(Beginning of Supplied entries)
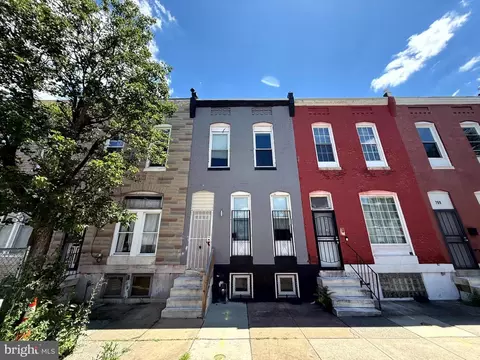 713 N Payson St, Baltimore, MD 21217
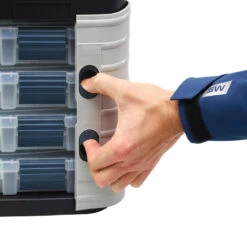 Boite De Pêche 4 Tiroirs BX 4 D 24.4L -Pêche Produit Magasin boite de peche 4 tiroirs bx 4 d 244l 3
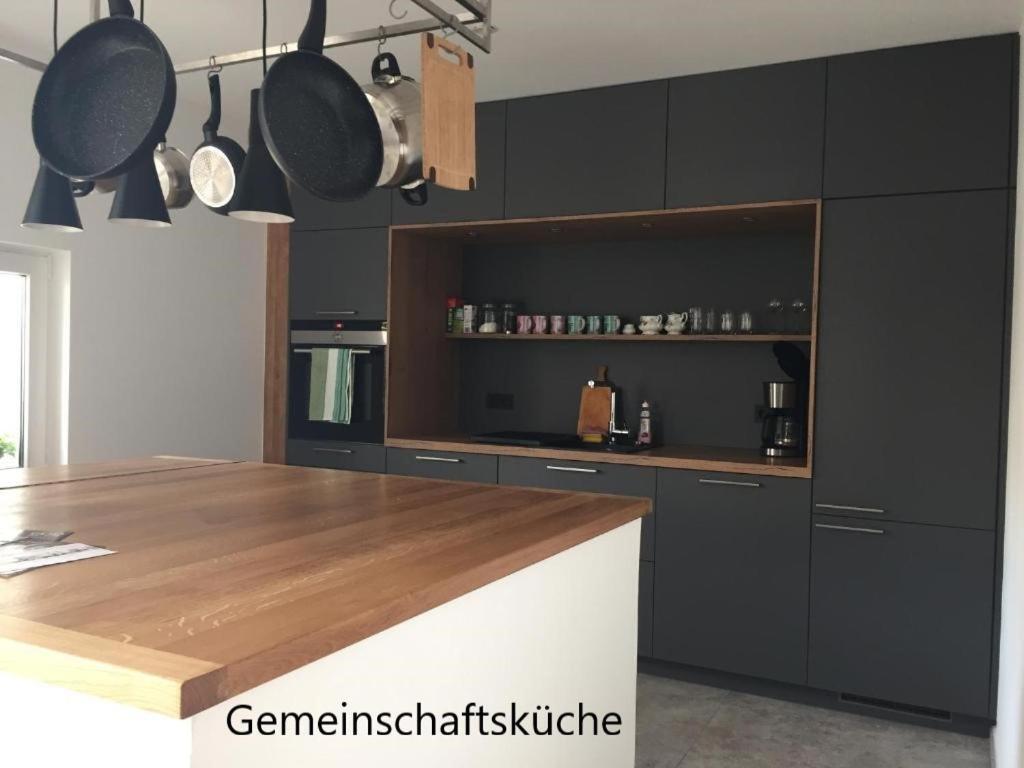 Bei Meyers Schlafen & Feiern Hotel Bohlen  Exterior foto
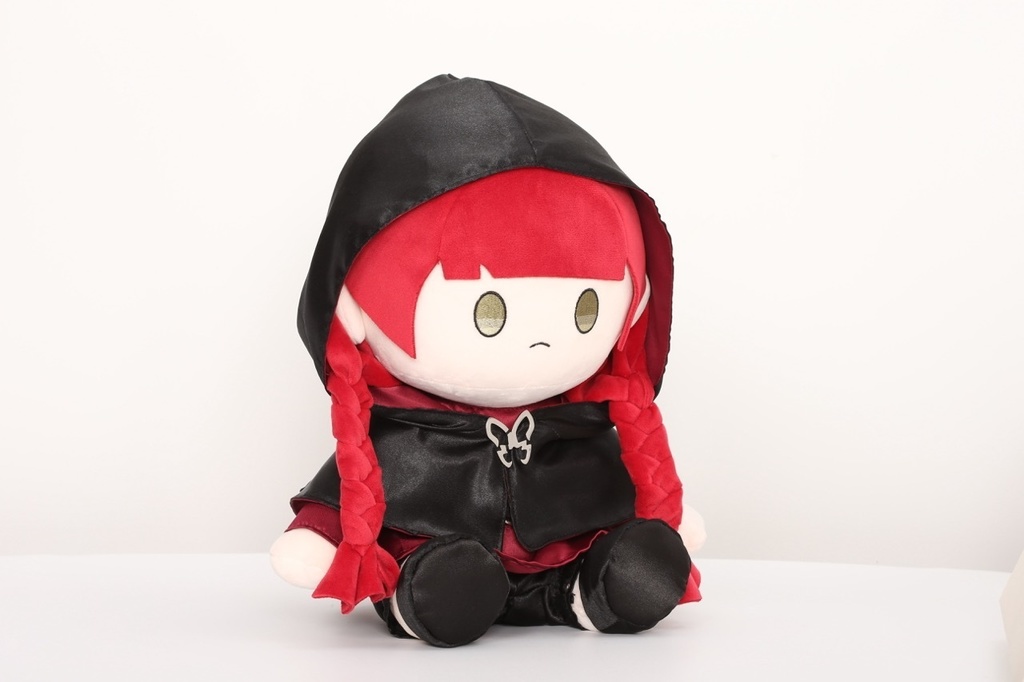 ぬいぐるみモルガーナ / Morgana Plushie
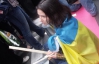 Захисники української мови, попри дощ, вийшли під Раду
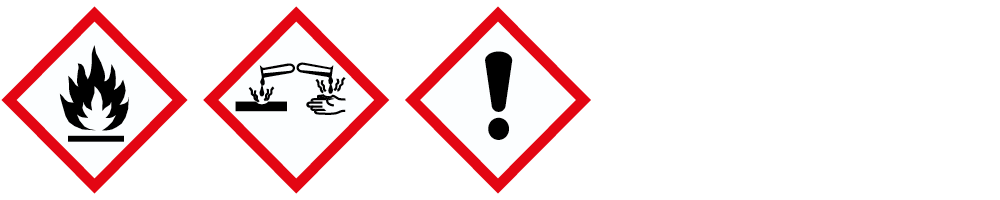 CLP hazard pictograms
(End of Supplied entries)
- [Exercise description]: The expected answer consists solely of the lines from the one with "Bei Meyers Schlafen" through the last line of the listing above, restated exactly, minus any pictures.

- [Task result]:
 Bei Meyers Schlafen & Feiern Hotel Bohlen  Exterior foto
 ぬいぐるみモルガーナ / Morgana Plushie
 Захисники української мови, попри дощ, вийшли під Раду
 CLP hazard pictograms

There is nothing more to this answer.